To test whether the mice continue to self-administer fentanyl vapor despite punishment, we added the respiratory irritant capsaicin (0.2%) to the fentanyl solution. LgA-Fen and LgA-Veh mice from the escalation cohort were gradually transitioned to 1-hour self-administration sessions over 5 days. This was followed by two sessions, in which fentanyl (or vehicle) was adulterated with capsaicin. Mice responded differently to capsaicin, depending on their history of fentanyl self-administration. LgA-Veh mice were the most susceptible to the suppressive effect of capsaicin on self-administration, whereas LgA-Fen mice were the most resistant (Fig. 5A). LgA-Veh mice exhibited a lower number of vapor deliveries on the first day of capsaicin exposure, whereas ShA-Fen and LgA-Fen mice did not. Although capsaicin reduced the number of vapor deliveries in the second session in both ShA-Fen and LgA-Fen mice, this effect was smaller in LgA-Fen mice (Fig. 5B). In the LgA-Fen group, 8 of 16 mice exhibited a <25% reduction of vapor deliveries in the second capsaicin session versus 3 of 16 mice in the ShA-Fen group. Only 1 of 16 mice in the LgA-Fen group exhibited a >75% reduction of vapor deliveries compared with 8 of 16 in the ShA-Fen group (Fig. 5B). Overall, these findings suggest that mice in the LgA-Fen group were more resistant to punishment than ShA-Fen mice, and both fentanyl groups were more resistant than LgA-Veh mice.

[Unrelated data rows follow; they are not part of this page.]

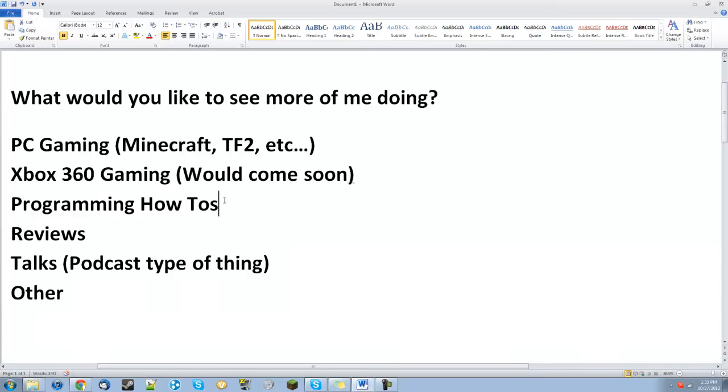Programming how-tos, as in like help you do programming and such. Reviews, as in software, games, hardware, and stuff like that.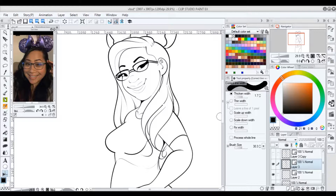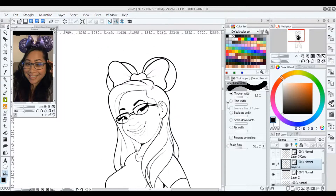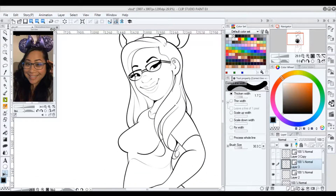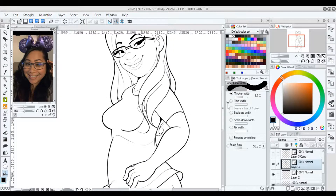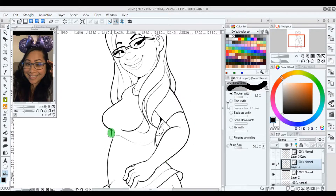Now, say that you had your linework all finished and you wanted to make corrections — this feature uses shortcut Y and you can control how many pixels you would like to thicken the line. It's really fluid too. So say I wanted to thicken the line right here, I just hover over it and it thickens the line. This saves so much time.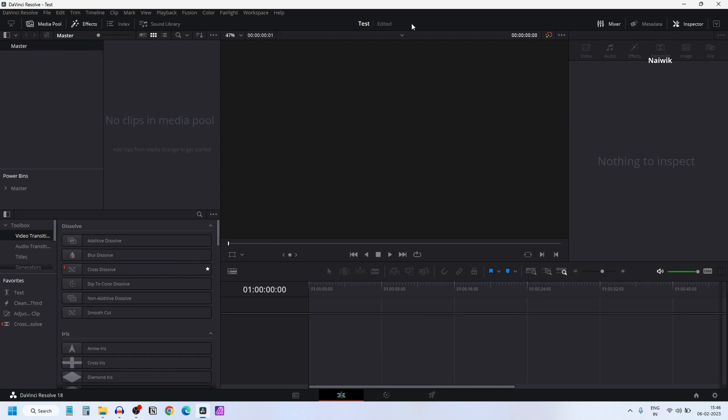In this video, I am going to show you how to upscale a Full HD video to 4K video in DaVinci Resolve 18.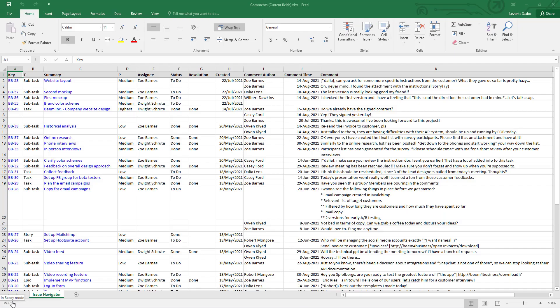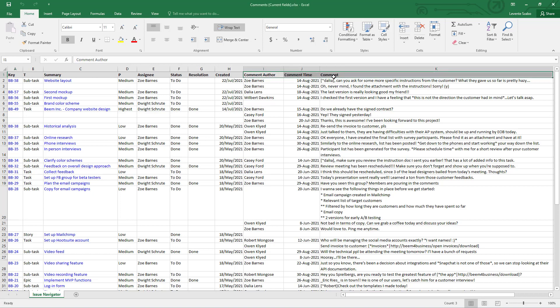The way this export type differs from a regular issue export is that it adds three extra comment-specific columns to whatever was selected in the Issue Navigator. In this example, the selected fields from the Issue Navigator end here, and the last three are for Jira issue comments: the comment author, comment time, and the comment itself.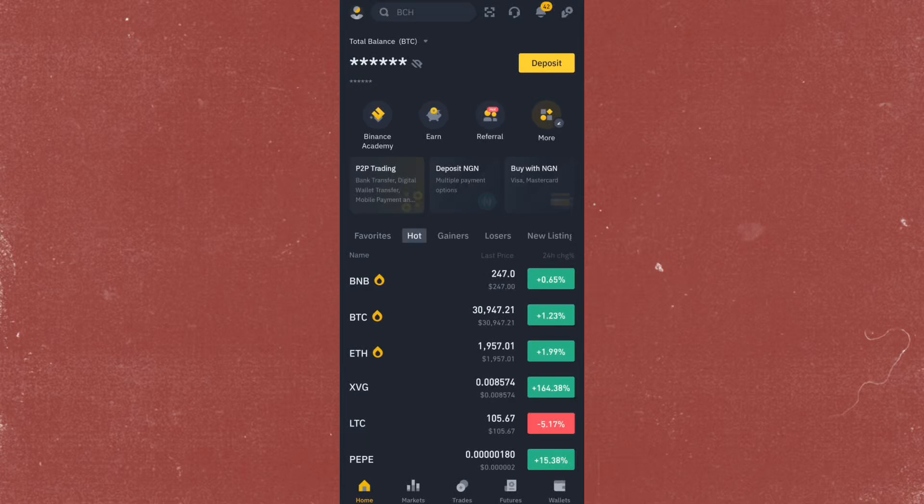Hey everyone, in this video I'm going to show you how you can deposit money in Polymarket from Binance.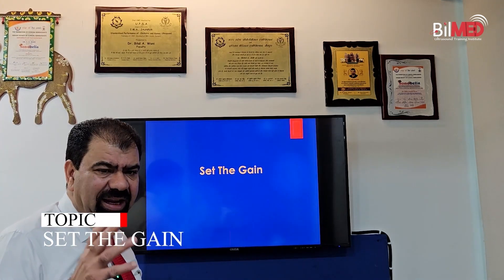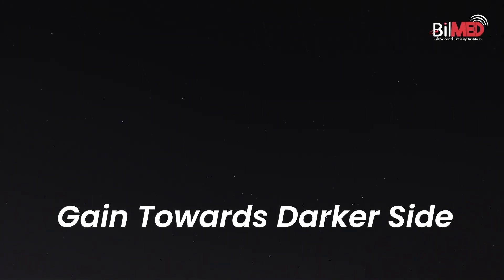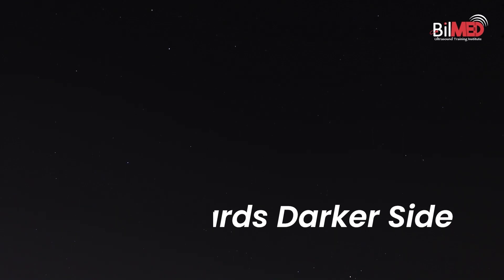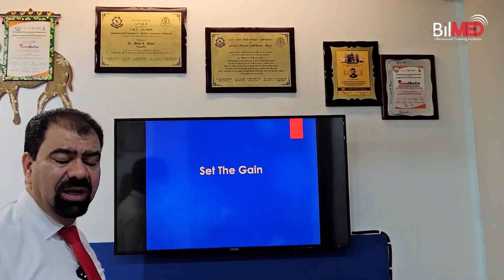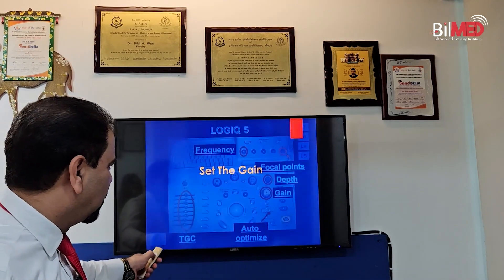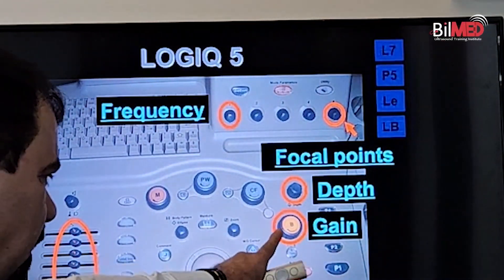Then the gain. How much should the gain be? It depends on the area of interest and what is on the monitor. But here is a clue: the gain has to be towards the darker side. The image should be more dark than white. So check whether your image is more whitish or more darkish — the image should be towards the darkest side, not the whitish side. Adjust your gain accordingly.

FIG. 5 Mice with a history of LgA-Fen vapor self-administration are more resistant to capsaicin-adulterated fentanyl. (A) The LgA-Veh group was most susceptible to the suppressive effects of capsaicin vapor, whereas the LgA-Fen group was the most resistant. Two-way RM ANOVA shows a significant capsaicin exposure × group interaction (F4,74 = 3.01; P = 0.02) and a significant effect of capsaicin on the number of VD (F1.98,73.14 = 21.77; P < 0.0001). The number of VD decreased only in the second capsaicin session in the ShA-Fen group (P < 0.0001) and LgA-Fen group (P = 0.01) of mice with a greater reduction in the ShA-Fen group compared with the LgA-Fen group. (B) Data from the second capsaicin session in ShA-Fen and LgA-Fen mice in (A) were normalized to baseline VD to illustrate the greater reduction of VD in the ShA-Fen group compared with the LgA-Fen group in response to the second capsaicin session (unpaired t test; t30 = 3.13; P = 0.004). Half of the LgA-Fen mice exhibited less than a 25% reduction of the number of VD, whereas half of the ShA-Fen mice exhibited greater than a 75% reduction. Dotted lines represent the quartiles. The number of mice (n) is shown in the bars. The data are expressed as means ± SEM. *P < 0.05.

 

Effects of fentanyl vapor self-administration on GABAB receptor–mediated currents in VTA dopamine neurons

The activation of GABAB receptors on dopamine neurons causes a large hyperpolarization through the activation of G protein–coupled inwardly rectifying potassium (GIRK) channels (20) and results in a reduction of dopamine neuronal firing and dopamine release in several brain areas, including the striatum (2123). Clinical and preclinical studies showed that striatal dopamine release in response to drugs or drug cues changes after chronic exposure to opioids (2426). In addition, GABAB receptor currents in VTA dopamine neurons are known to be lower during acute and subacute (≤7 days) withdrawal after repeated, passive opioid administration (27, 28).